TASK OBJECTIVE: Here is a listing, set out below; repeat its lines from the one with "The Bulbs We" to the last, both included, and leave out the pictures.

Start of STORED DATA

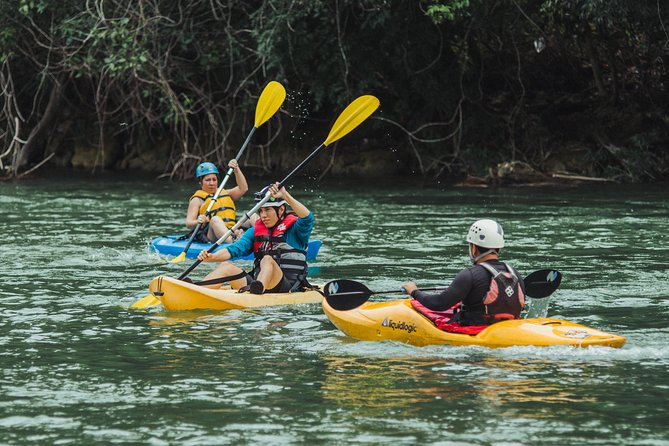 Private River Kayaking & Picnic From San Ignacio - Spotting Wildlife Along the Way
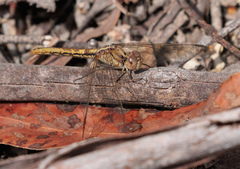 Diplacodes haematodes
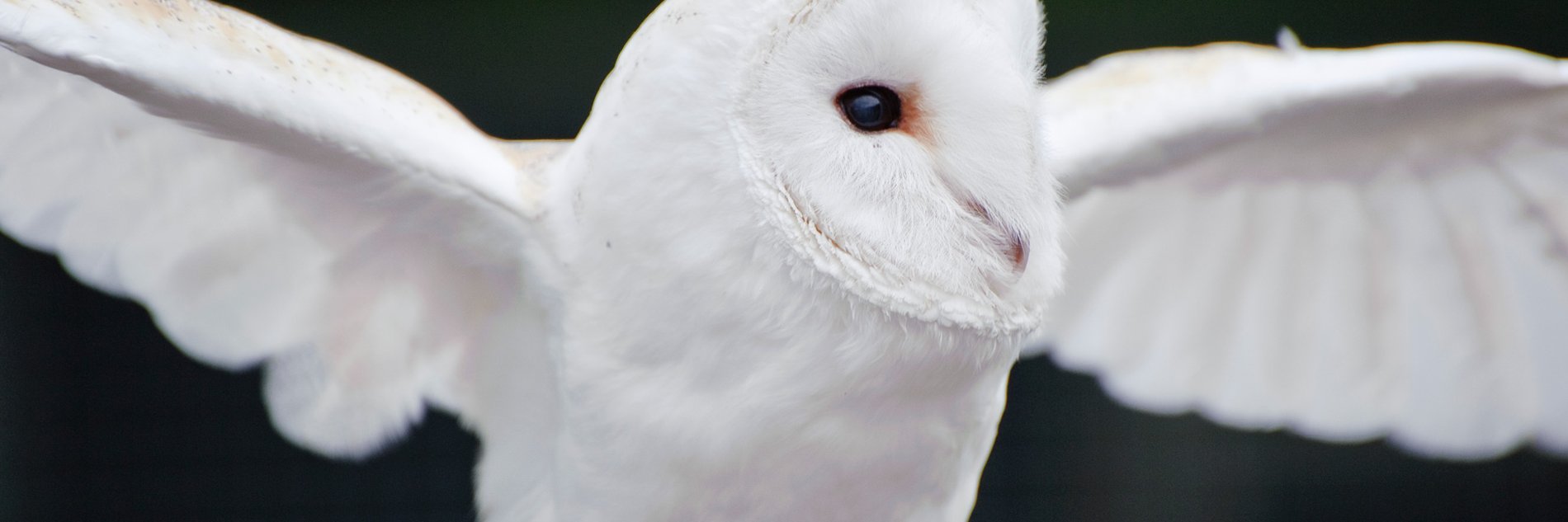 TenderServicesGroup banner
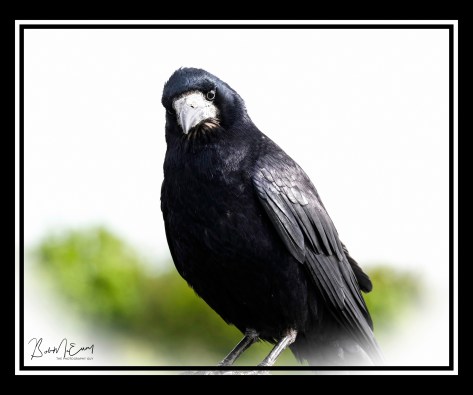 Crow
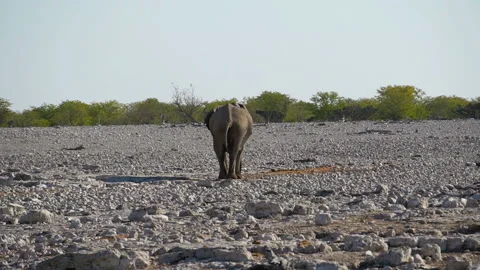 An african elephant Stock-Footage 116478722
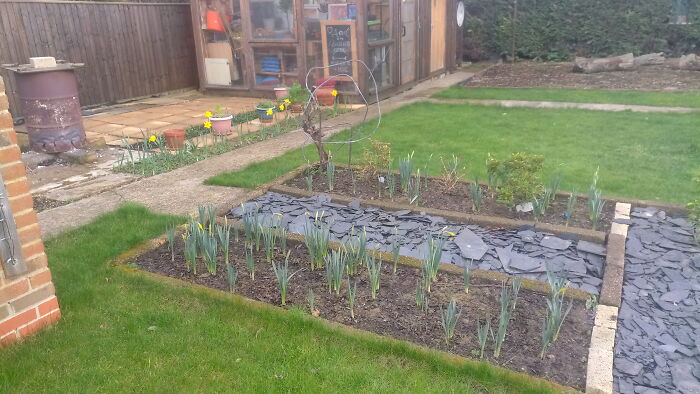 The Bulbs We Planted In November 2021 Are Starting To Come Through...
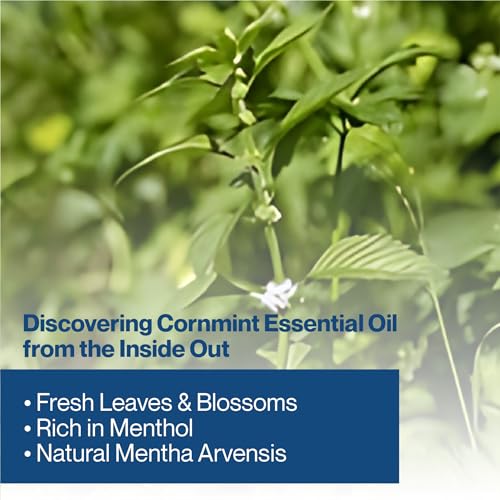 Aceite Esencial de Cornmint 100% Puro y Natural 15ml miniatura 7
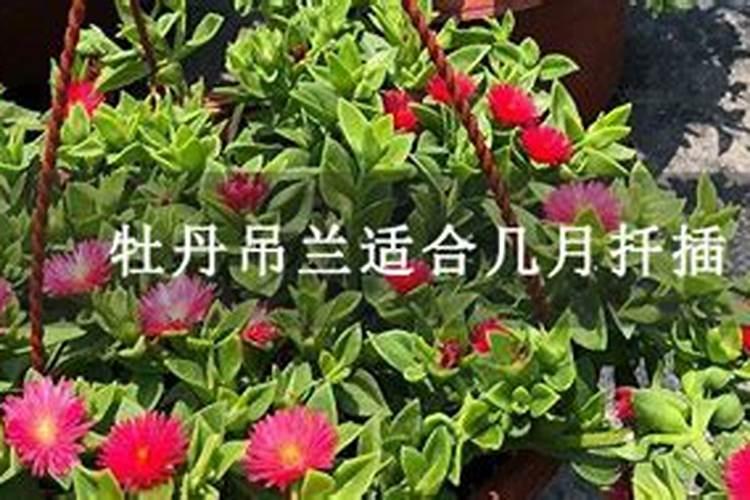 牡丹吊兰施什么肥好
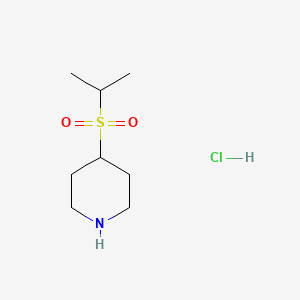 molecular formula C8H18ClNO2S B1377179 4-(Propane-2-sulfonyl)piperidine hydrochloride CAS No. 1427378-84-4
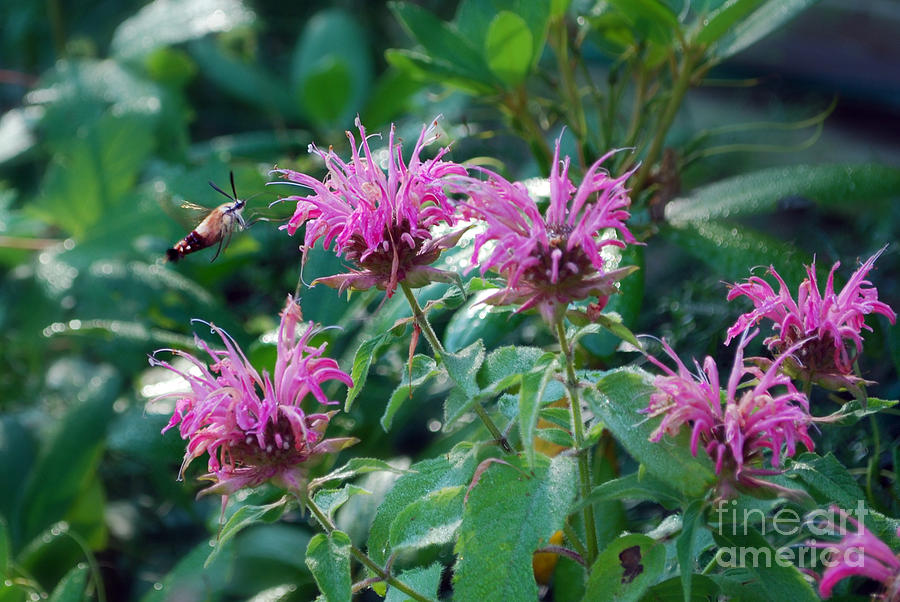 Hummingbird Moth #1 Photograph by Lila Fisher-Wenzel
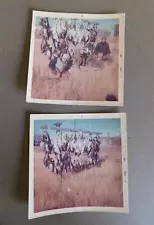 2 Color Photos: Duck Hunters with displayed hunt - 1968 - Duck and geese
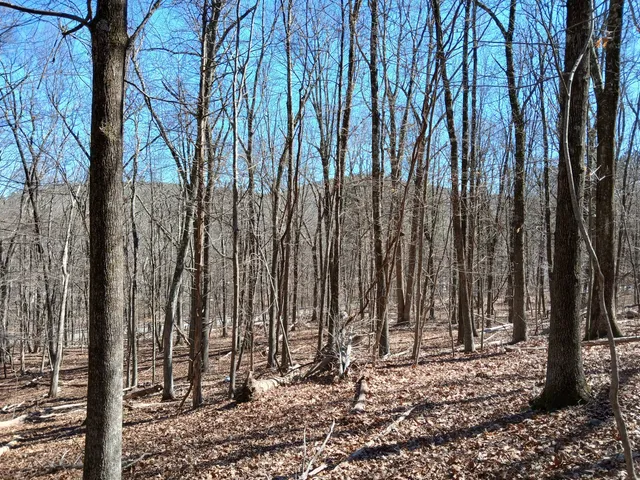 a view of a backyard of the house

End of STORED DATA

EXERCISE RESULT:
 The Bulbs We Planted In November 2021 Are Starting To Come Through...
 Aceite Esencial de Cornmint 100% Puro y Natural 15ml miniatura 7
 牡丹吊兰施什么肥好
 molecular formula C8H18ClNO2S B1377179 4-(Propane-2-sulfonyl)piperidine hydrochloride CAS No. 1427378-84-4
 Hummingbird Moth #1 Photograph by Lila Fisher-Wenzel
 2 Color Photos: Duck Hunters with displayed hunt - 1968 - Duck and geese
 a view of a backyard of the house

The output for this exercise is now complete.